Unincorporated community in Pennsylvania, US

Hannastown is an unincorporated community and former coal company town located in Hempfield Township, Westmoreland County, Pennsylvania, United States. Although the village is not tracked by the Census Bureau, it has been assigned the ZIP code 15635. Hannastown was established by the Jamison Coal & Coke Company as part of its mining and coking operations in 1899.

==History==
Hannastown is located near the site of Historic Hanna’s Town, established as the first seat of Westmoreland County in 1773.

The Hannastown coal town was established by the Jamison Coal & Coke Company in 1899. The Jamison Coal & Coke Company was among the major coal and coke producers in Westmoreland County in the early 20th century. Formed in 1892, Jamison was based in Greensburg and operated mines at Luxor, Hannastown, Crabtree, Forbes Road, Highland, and Pleasant Unity.

The Jamison Coal & Coke Company opened the Hannastown mine in 1899. Hannastown, known as No. 2, was the second of Jamison’s coal properties after Luxor. Hannastown had a shaft-entry mine and used beehive ovens to transform coal into coke. It was serviced by the Alexandria branch of the Pennsylvania Railroad.

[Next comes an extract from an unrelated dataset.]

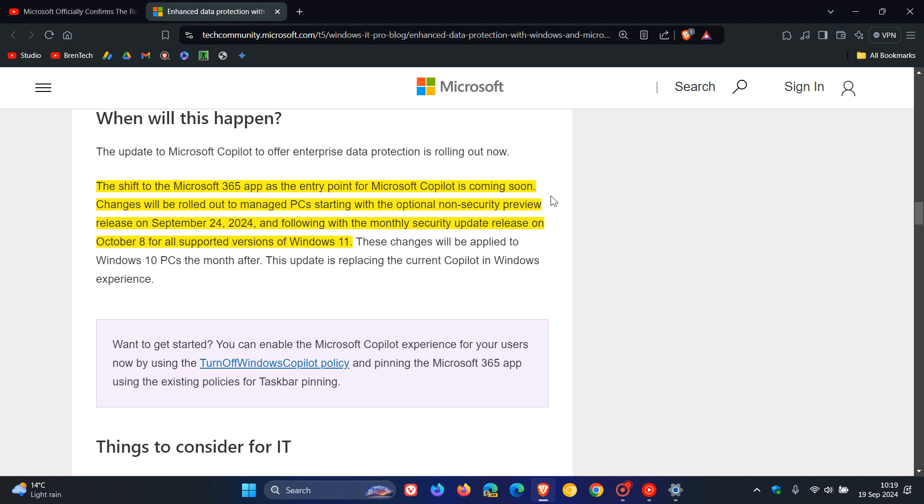Changes will be rolled out to managed PCs starting with the optional non-security preview release on September 24, 2024 and following with the monthly security update release on October 8 for all supported versions of Windows 11. So we can see there is no reference in that paragraph like there was yesterday to Windows 11 24H2.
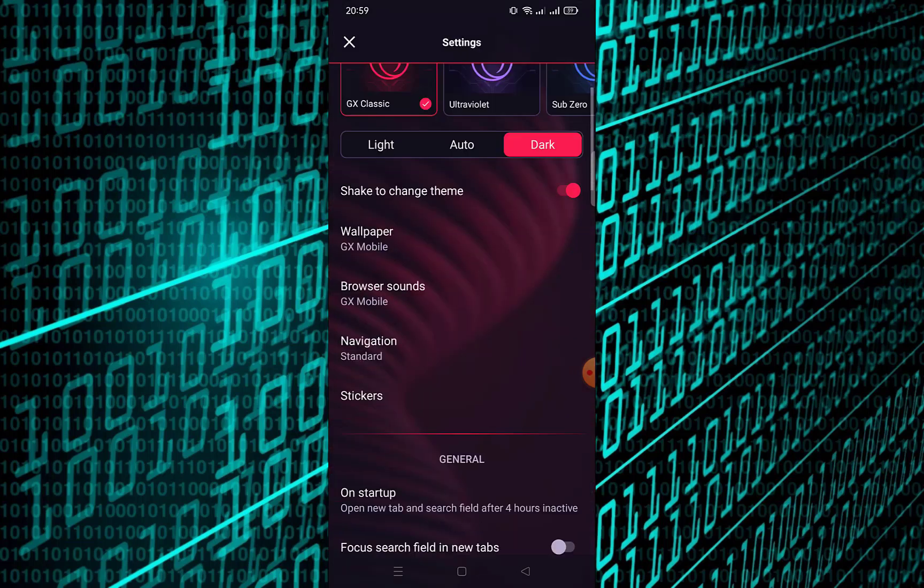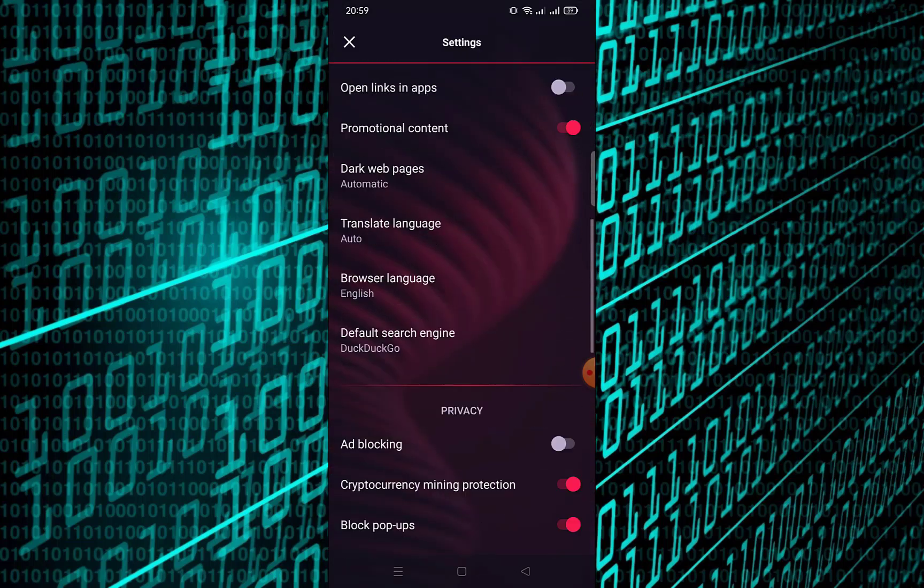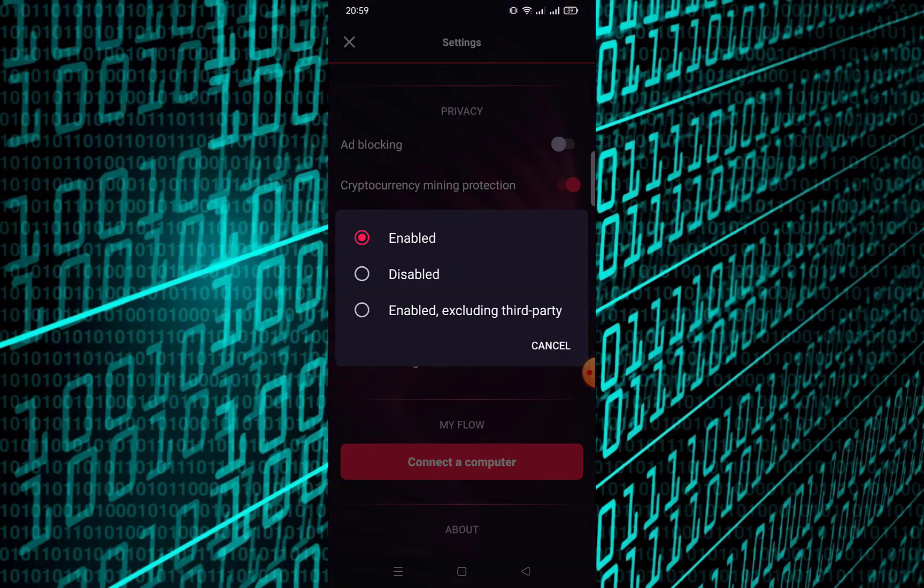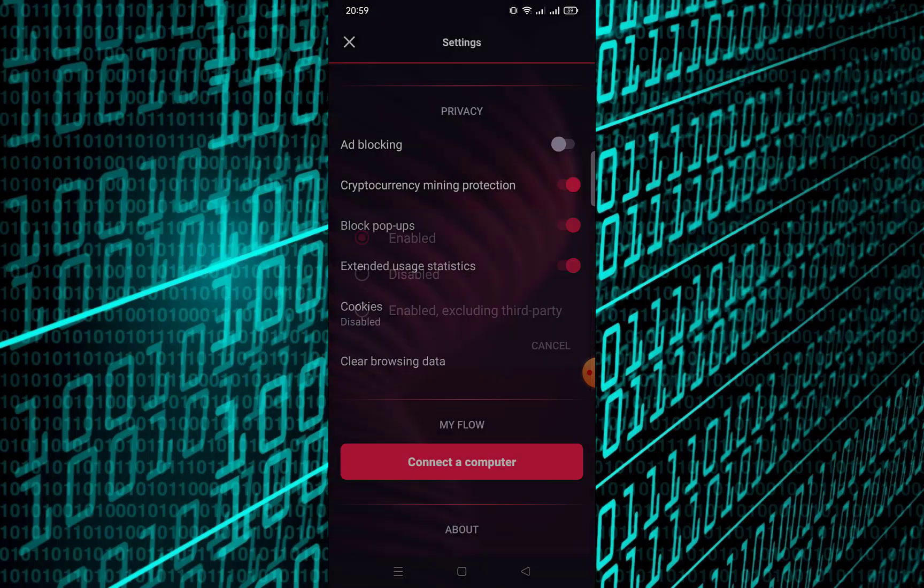Scroll down and tap on Cookies. Select Disable. This will limit or stop websites from storing cookies on your device in Opera GX Mobile.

By 1910, Hannastown was the center of Jamison’s mining and coking operations, mining over 655,000 tons of coal and producing 292,000 tons of coke in 516 beehive ovens. At its peak in the 1910s, Hannastown employed up to 635 people. The Jamison Supply Company, which managed company stores in each of Jamison’s company towns, was based at Hannastown. About one-third of Jamison's corporate earnings were derived from workers making purchases at company stores, a trend observed across southwestern Pennsylvania in the early 20th century.

In the early 1920s, the Jamison company struggled amid a postwar slump in the market and the United Mine Workers coal strike of 1922. From 1922 to 1930, Jamison leased its mines, including Hannastown, to the Keystone Coal & Coke Company. Jamison resumed control of the Westmoreland County mines in 1930. By 1940, employed 375 miners and produced 3,500 tons of coal daily.

Jamison closed the Hannastown operation in 1949. Structures related to the mine and coke works were later demolished. The beehive ovens were buried with coal refuse in 1972. About 80 company-built houses remain, which are now private residences.